On a reçu l'aide à la recherche et à la production du Cnap en 2022 et c'était la première aide qu'on a reçue pour ce projet. Ça nous a permis d'organiser différents tournages, de partir avec du matériel, d'utiliser de l'imagerie scientifique spécifique. Donc l'aide du Cnap nous a permis de pousser un peu plus loin l'expérimentation audiovisuelle.
Et cette série d'images, de prises de vues et de prises de sons expérimentales, on a décidé assez rapidement de les mutualiser, de copier un disque dur qui est le même pour nous quatre, de pouvoir profiter de ces images et de travailler ces images dans le cadre de nos propres recherches individuelles.
Plus tard, Vincent Verlet, directeur artistique d'Open Space ici à Nancy, nous a contactés dans le cadre de ce programme Suite du Cnap et ce qu'on a très vite compris ensemble, c'est de pouvoir considérer cette exposition comme aussi une phase d'expérimentation, pas forcément l'aboutissement, la restitution.
Cette exposition, du coup, met en forme cette archive collective. On a choisi une installation avec un montage de deux écrans synchronisés, avec des images qui se répondent, les réseaux qu'on essaie de mettre en forme aussi, ce réseau d'espèces, et avec une richesse d'archives pour montrer aussi la diversité de ce qu'on a pu produire. On a mis des images, on a mis des extraits de conférences, des extraits sortis sur le terrain aussi avec Frédéric Lagarde.
Il y a des extraits aussi d'images en 16 mm que j'ai pu faire par la suite, mais il y a aussi l'intégration d'autres matériaux qui vont arriver sur un écran puis sur un autre, donc une espèce de cheminement là aussi du montage. Et il me semble que ça crée des impressions, sans forcément connecter toutes les choses. C'est une sorte de monde, en fait.
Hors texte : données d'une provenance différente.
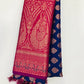 Appealing Blue color Soft Silk saree With Butta Motifs And Fancy Tassels With Contrast Rich pallu In Mesa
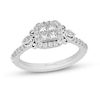 Thumbnail Image 1 of Enchanted Disney Cinderella 1 CT. T.W. Quad Princess-Cut Diamond Frame Engagement Ring in 14K White Gold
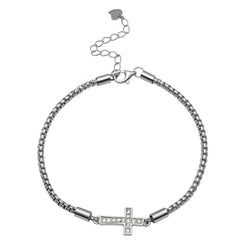 Pulsera Dije de Cruz con Micro Circonias y Cadena Espuma Plata .925 con Rodio
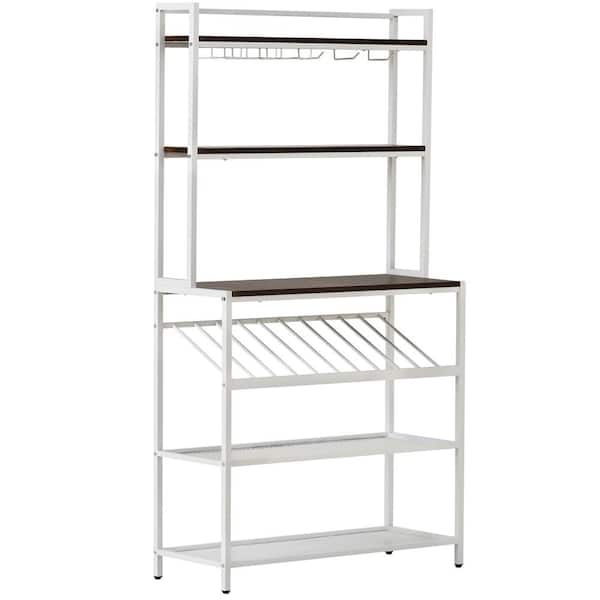 Tileon 10-Bottle Freestanding White Bar Wine Rack with Glass and Cup Holders 6-Tier Kitchen Baker Rack Microwave Stand Hutch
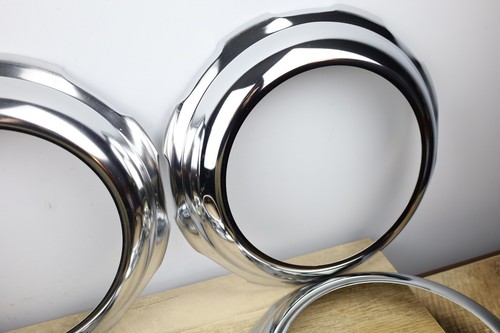 Set of 4 Vintage NOS Automotive Truck Chrome Beauty Hub Cap Trim Rings - Picture 7 of 20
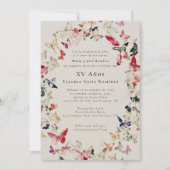 Vlinders Elegant Quinceañera 15e verjaardag Kaart (Voorkant)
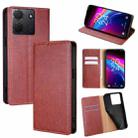 For TCL 503 4G Gloss Oil Solid Color Magnetic Leather Phone Case(Brown) - 1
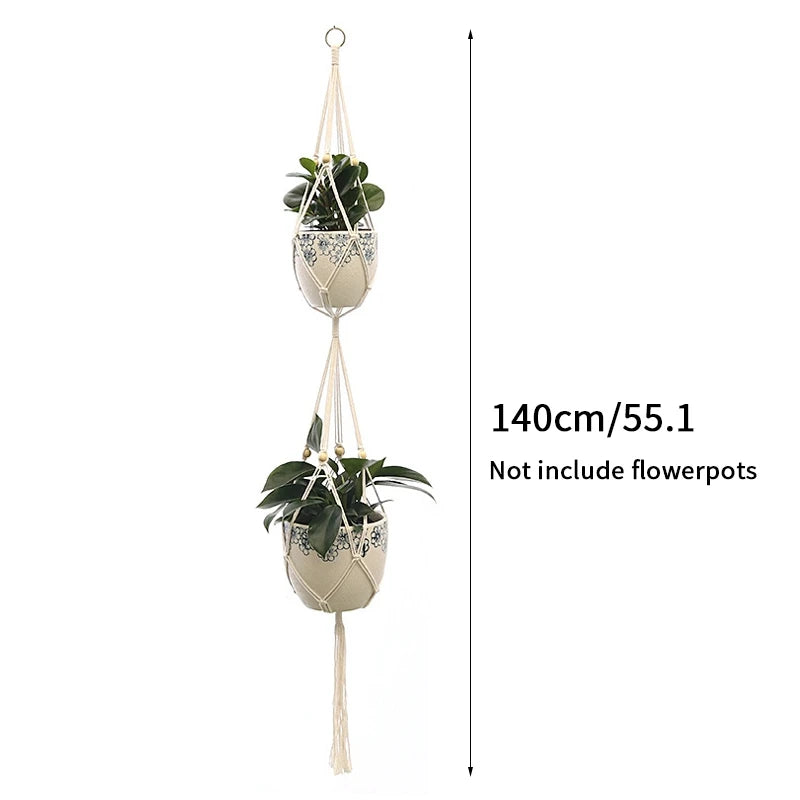 VelesRealm™ Makramee-Hängepflanzer – Boho-Baumwollseil-Dekor
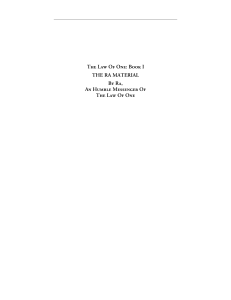 The Law of One: Book I - Ra Material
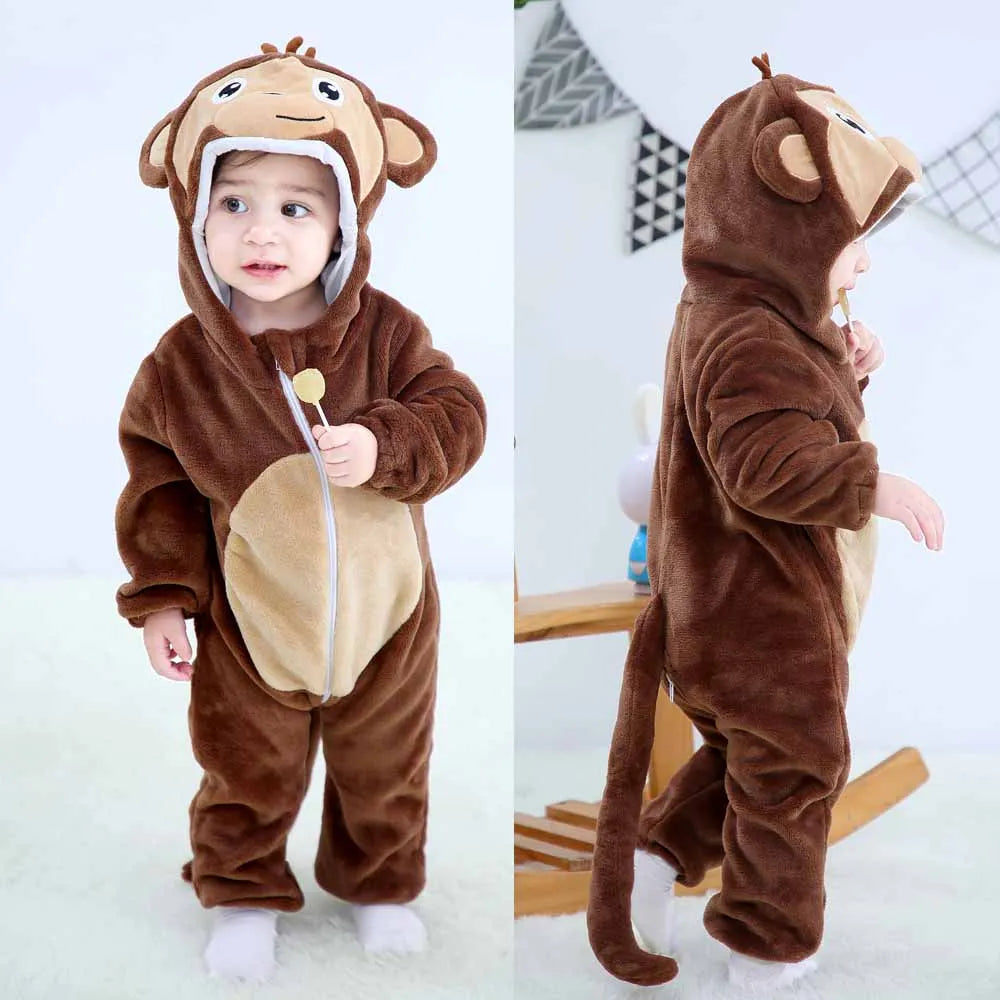 Autumn Winter Cartoon Style Winter Long Sleeve Baby Boys Girls Rompers Toddler Kids Playsuit Jumpsuits Baby Clothes Child Onesie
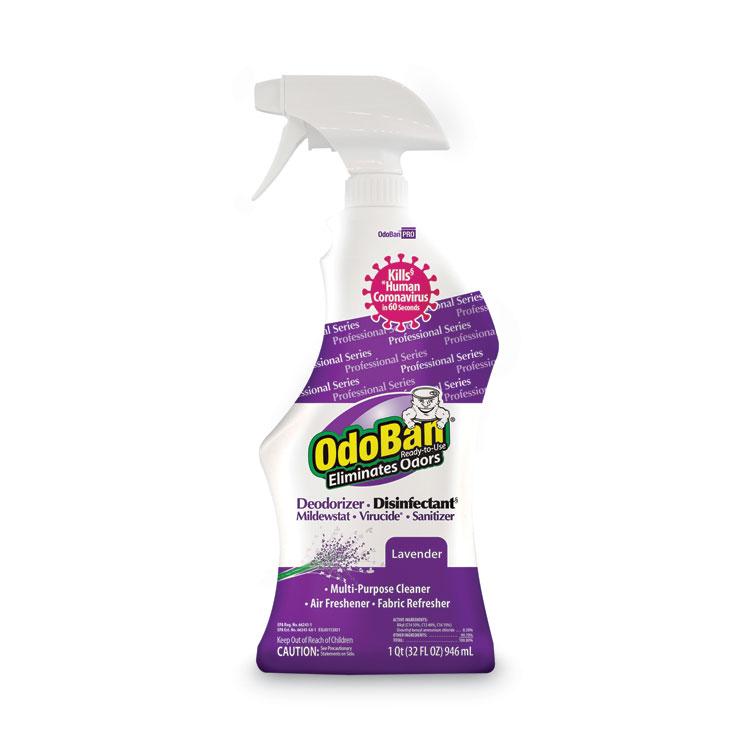 OdoBan RTU Odor Eliminator and Disinfectant, Lavender, 32 oz Spray Bottle, 12/Carton (ODO910162QC12)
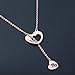 ENSIANTH Rose Gold Zodiac Signs Heart Necklace Stainless Steel Lariat Y Necklace Best Birthday Gift (Scorpio)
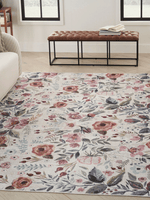 Nourison Washables NWB01 Botanical Vintage Ivory Pink Area Rug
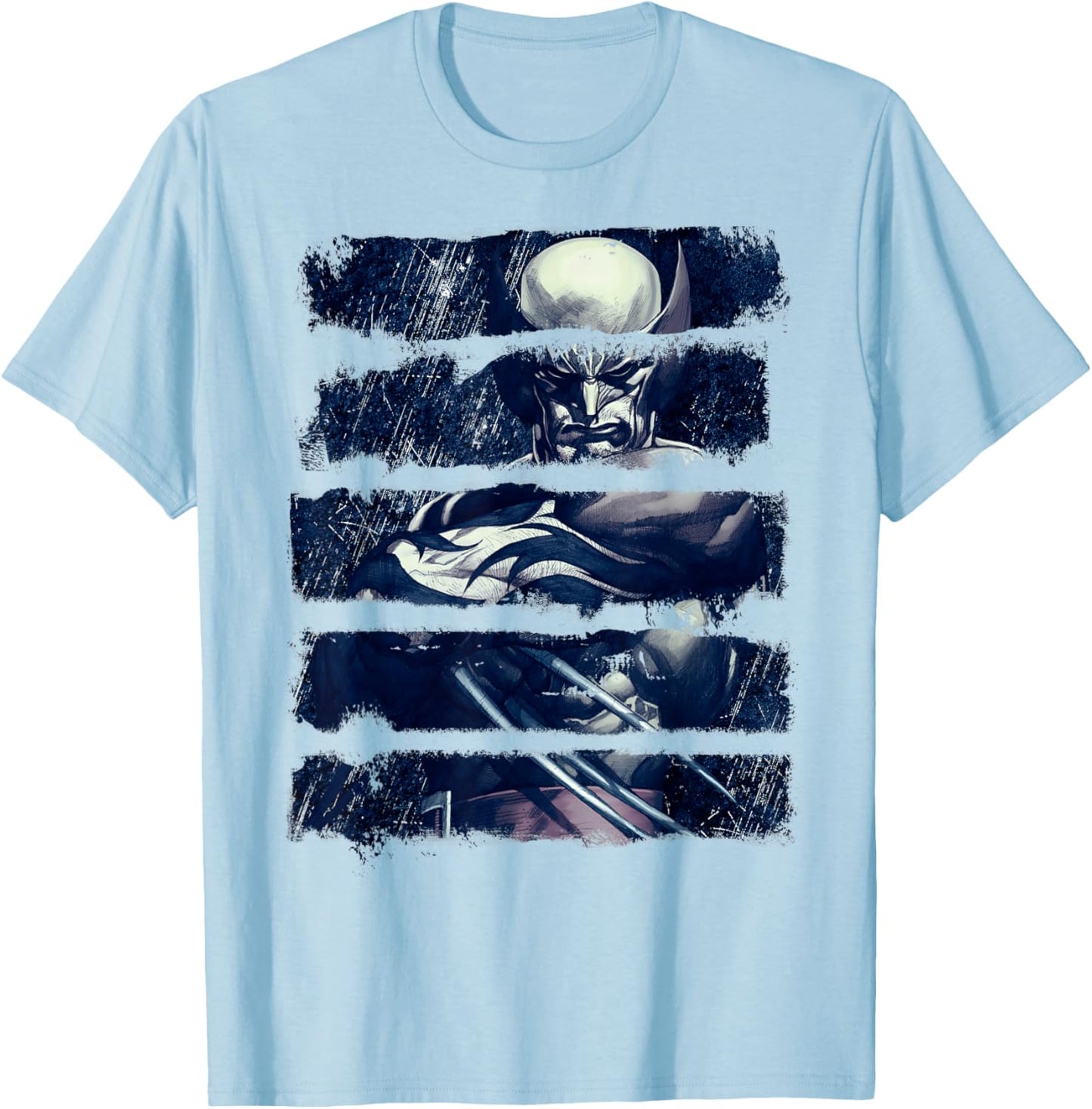Marvel X-Men Wolverine Panel Sliced Portrait Graphic T-Shirt - T-Shirt | Light Blue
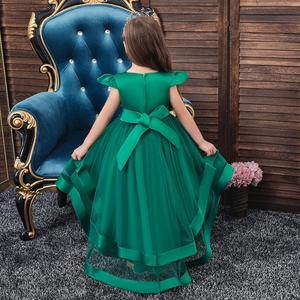 Robe de mariée longue de haute qualité pour fille, robe de demoiselle d'honneur exquise pour fête, robe d'anniversaire rose pour enfant de 8 ans - Product Image 2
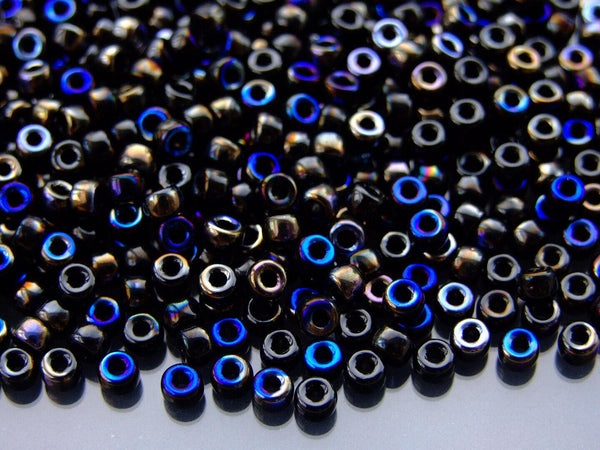 10g Matubo 6/0 Round Czech Seed Beads 4mm Blue Iris Jet Beadacious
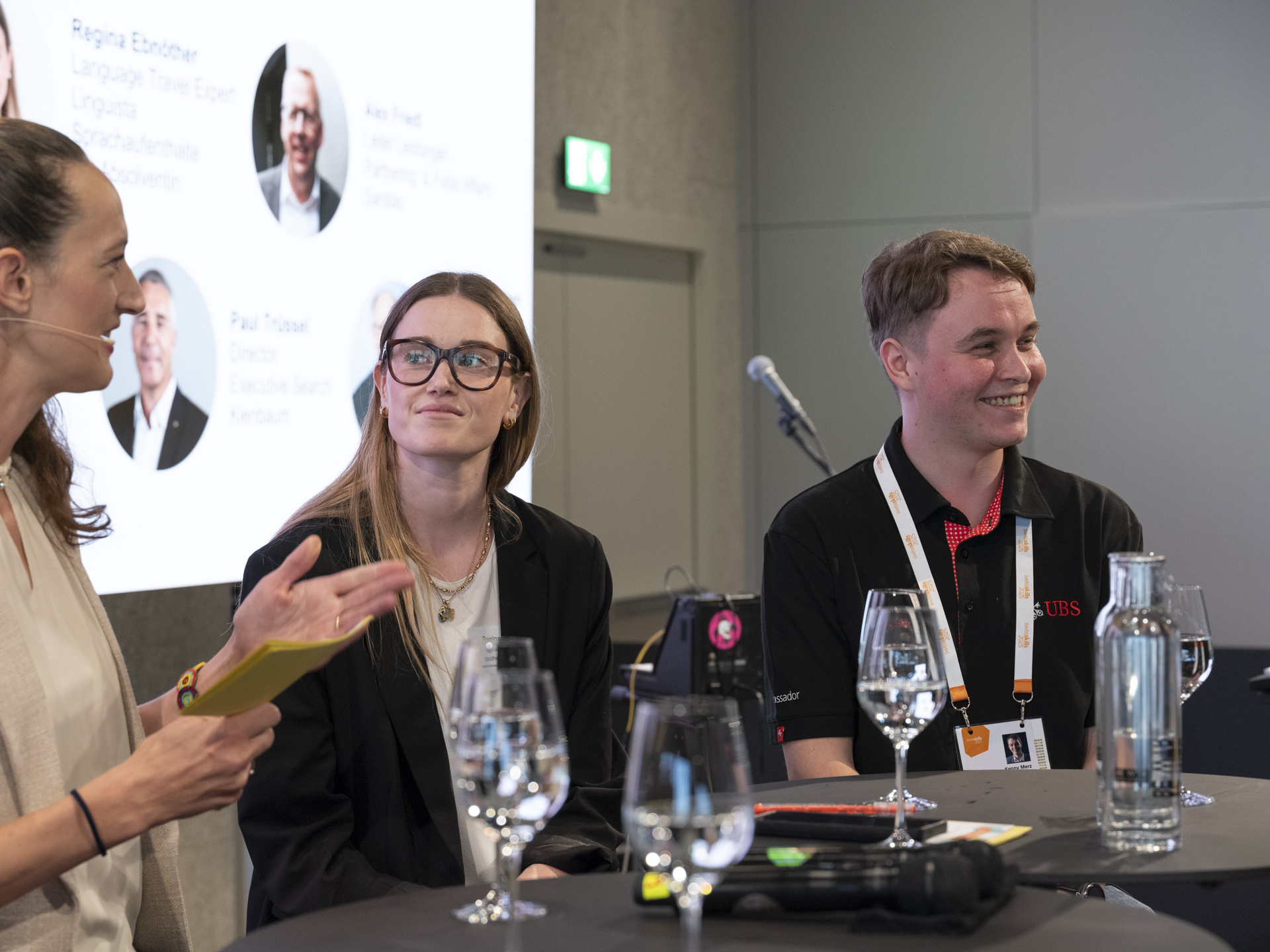 Sabine Östlund (Moderation), Regina Ebnöther (Linguista Sprachaufenthalte) & Kenny Merz (Ambassador SwissSkills)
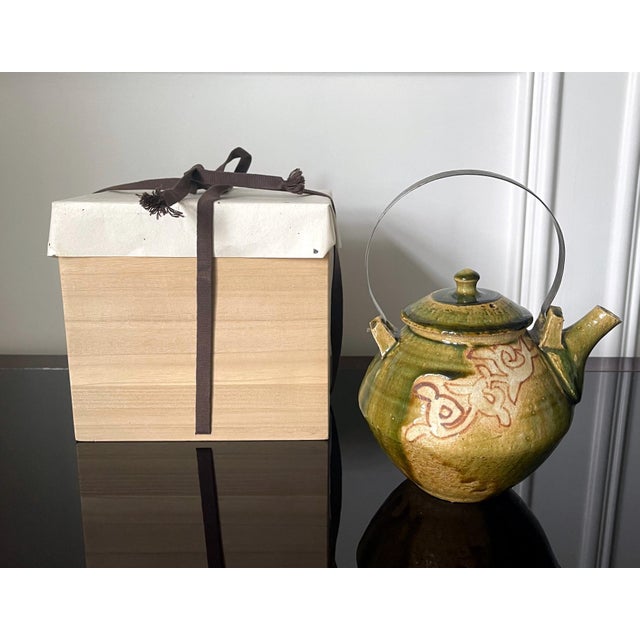 Modern Modern Japanese Studio Pottery Oribe Tea Pot by Ken Matsuzaki For Sale - Image 3 of 17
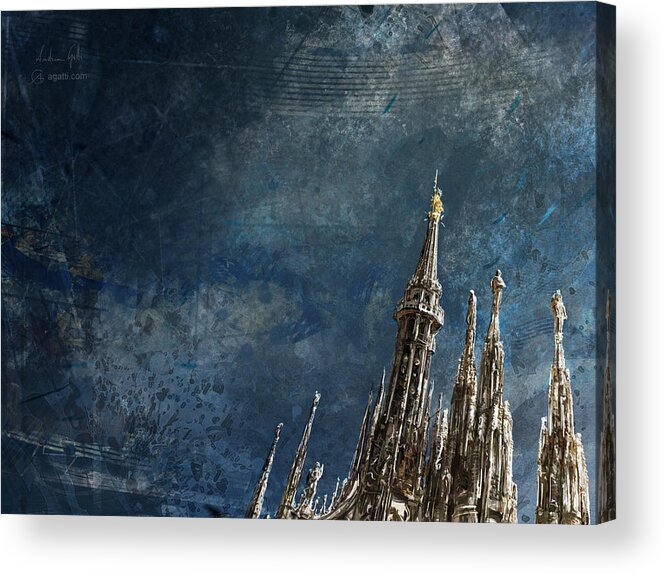 Italy Acrylic Print featuring the digital art Milan Cathedral Spires dark by Andrea Gatti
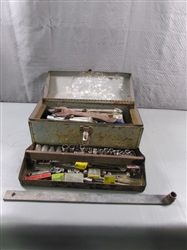 OLD METAL TOOLBOX W/WRENCHES, SOCKETS & MORE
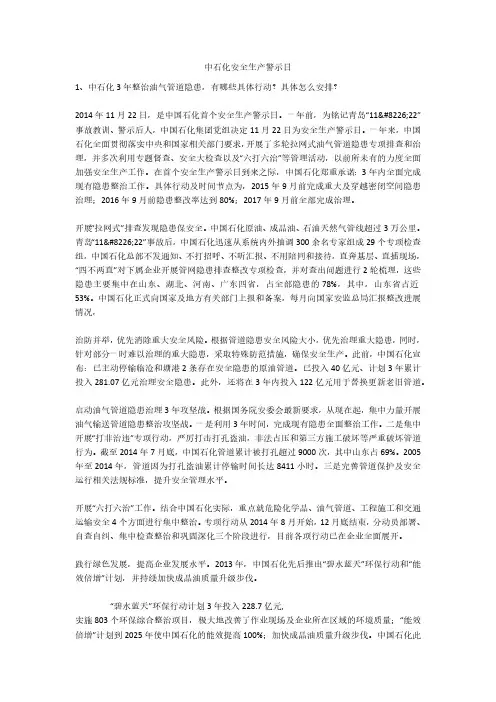 中石化安全生产警示日安全生产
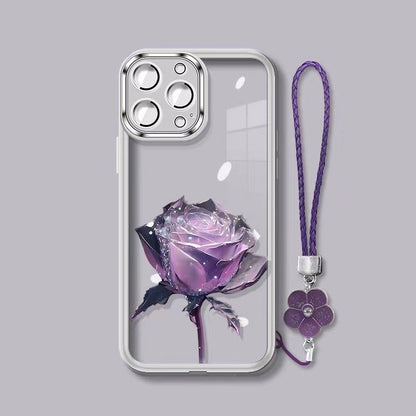 Purple Rose Transparent Phone Case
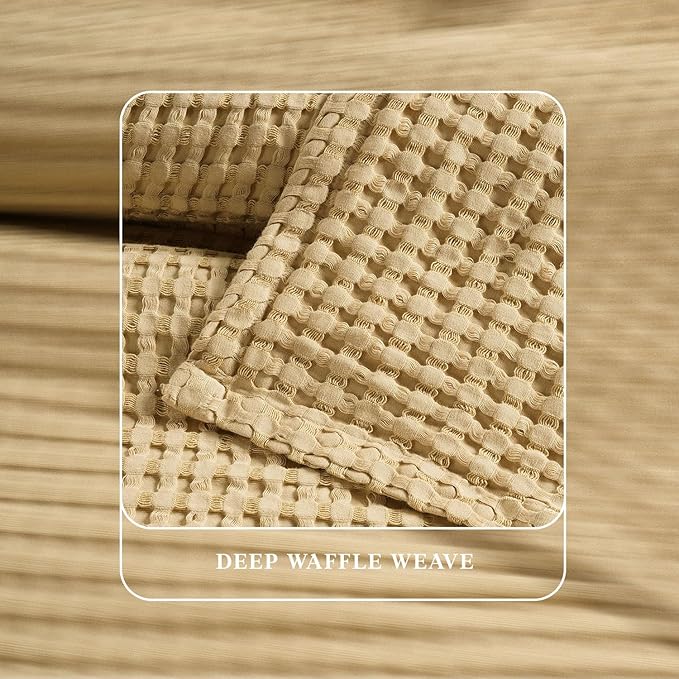 Threadmill Cooling Blanket Twin Size Waffle Weave| Breathable, Lightweight & Ultra-Soft | Made from Rayon Derived from Bamboo | Waffle Throw for Couch and Sofa | 68 x 92 Inches | Beige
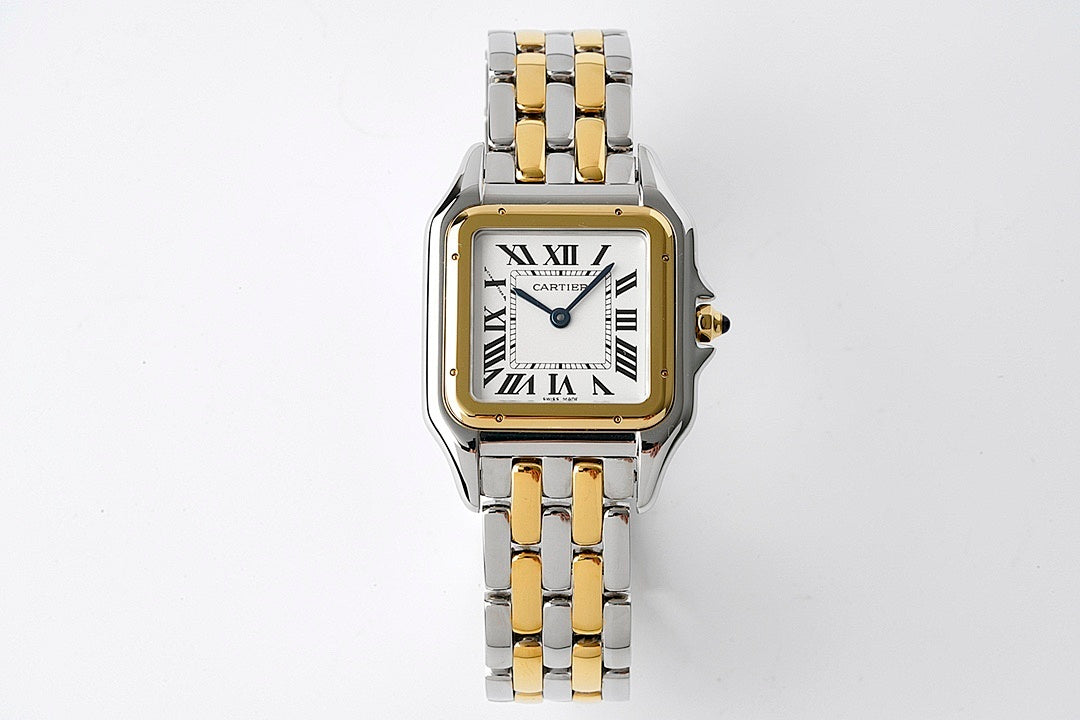 Cartier two-tone stainless steel wristwatch with gold bezel and white Roman numeral dial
On essaie de définir des mondes qui coexistent. Et ensuite, autour de ce montage d'images, on a voulu expérimenter la matière du sol, des matières textiles. On a créé des polochons. Il y a aussi des photos.
Et du coup, ce qui permet de regarder ces images sur un temps long, c'est l'installation complète, pouvoir s'asseoir par terre avec une moquette très épaisse, parce que c'est un montage de 50 minutes. Et on avait envie de pouvoir vraiment profiter aussi de toutes ces images qui sont vraiment fascinantes et qu'on a envie de regarder, qu'on a envie de re-regarder et qui ont une matérialité, une temporalité qu'on a essayé d'allonger le plus possible.
En fait, c'est vraiment des propositions. Je pense que cet enjeu de la mutualisation, cet enjeu de partage et toutes les questions ensuite économiques et de droit à l'image qui se posent, est une invention collective en devenir.
Donc finalement, cette bifrontalité, cette correspondance de deux écrans, elle ouvre aussi des possibilités, des champs de dialogue entre des montages, entre des images, entre des corpus de recherche.
Donc la suite de la suite, c'est aussi la suite de la suite de la suite. C'est quelque chose à imaginer qui prendra forme en fonction de contextes à nouveau spécifiques. Je pense que la richesse de ces matériaux permettra de nouvelles itérations.